Tuesday, February 14, 2006

Snack Attack: Peanut butter Honey dip

Here’s a quick and easy snack you can let your kiddos make:

Peanut Butter Honey Dip

Take a large blob of peanut butter (1/4 C or so). Add a big squirt of honey (2-3T) and a small handful of rolled oats (for crunch) and/or chocolate chips and/or raisins. Mix it all together. Add more honey if you like a looser texture.

Use as a dip for crackers, graham crackers, apples, carrots, celery stalks ect. Or use as a spread for sandwiches.

Watch out though, this stuff is good enough to eat with a spoon and pretty addicitive!

What's in your pantry?

Recently I just had to clean out my pantry. Things were falling on me. That's a sure sign that it's time to get to work!

I'm blessed that the builders of this house put it a really big pantry, more like a small closet really. I love it.

But then again, I always keep my pantry stocked. Growing up my family spent three years in New Jersey and they were all bad winter years. I remember blizzards and getting snowed it and the panic at the stores when bad weather was predicted. The remainder of my life has been spent in the gulf coast when hurricanes are a threat a large part of the year. So I just hate the thought of getting caught with the pantry empty. My sister is the opposite, she can't take the clutter, so she keeps her pantry pretty bare.

She does have a lot less issue in keeping her pantry clean and organized, I envy that. But last fall when we were dealing the Katrina and Rita and there were unprecedented runs on the grocery store, she was there fighting the crowds while I stayed home and watch the stories about the grocery stores on TV.

Be that as it may, the pantry got cleaned out this week.

I like to get every possible useful inch of storage space out of my pantry, so I've added a few touches that really help. I have wire baskets that hang under the shelves so I can put short cans on the shelf and something else above it. I have wire shelves to add extra shelving for boxes ect. I have wicker baskets to put bagged items like pasta and chips in so that they don't fall on me. On the floor I have some stacking baskets for canned goods and I've mounted some small wall baskets on the little bit of wall space to squeeze out some extra space.





The wicker baskets came from the craft store, 75% off clearance bin. Some of them are actually pretty and it looks a little like I was trying to decorate in there, but really, they were all bought because they were cheap and the right size and shape.

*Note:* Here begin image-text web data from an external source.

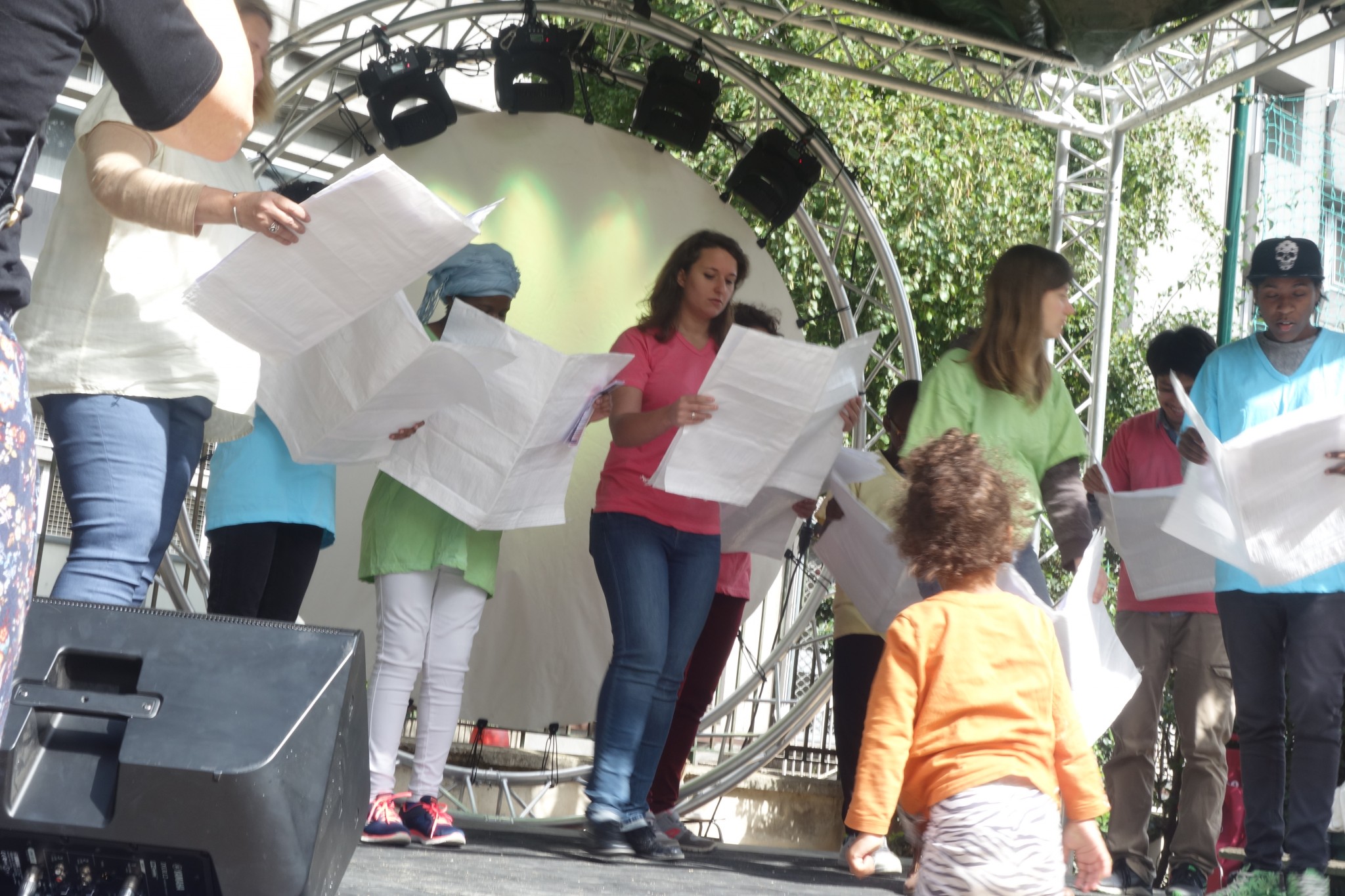 LES LECTEURS S'ENGAGENT - Scène du Boulodrome - Square Villemin - 10 septembre 2017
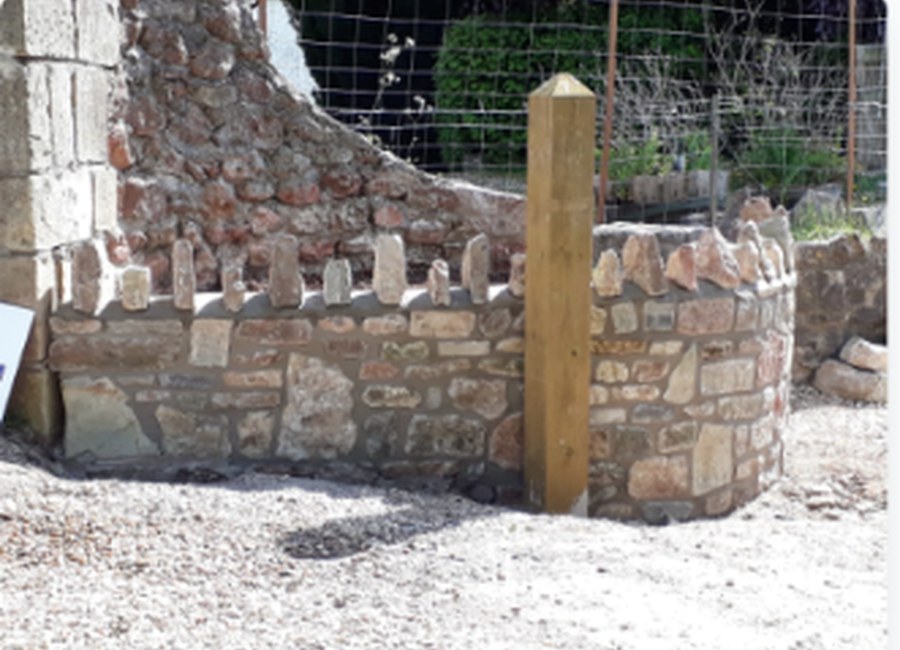 Curved stone wall project in Somerset
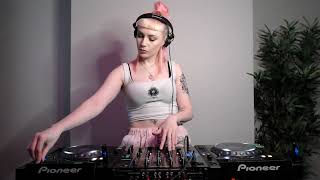 RIOT LIVE SESSIONS: 03 - MIND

Oh,and there are labels on everything too. Why? Not because I'm completely compulsive, really. But the kids used to get off putting groceries away with the excuse "I don't know where it goes". Well, now that it is all labeled, they know exactly where it all goes and they now have the job of putting away the groceries!

Friday, February 10, 2006

New Content Navigation links!

I just put in some new content navigation links that will take you directly to particular recipes of interest. I think I have all of them working now. Hope they are helpful and not just the product of a manic need to organize on my part!

Tuesday, February 07, 2006

Little League: Odds and Ends


I just cleaned out my pantry. Not my favorite job in the world, no surprise huh? Well, when I took everything out, I found a bunch of odds and ends. You know, bags with 3 pretzels or 5 croutons, boxes with half a dozen chips or a can with a handful of nuts. Stuff you didn’t throw away but it’s not enough to o anything with. Here’s something to do with it. Better yet, let the kids do it.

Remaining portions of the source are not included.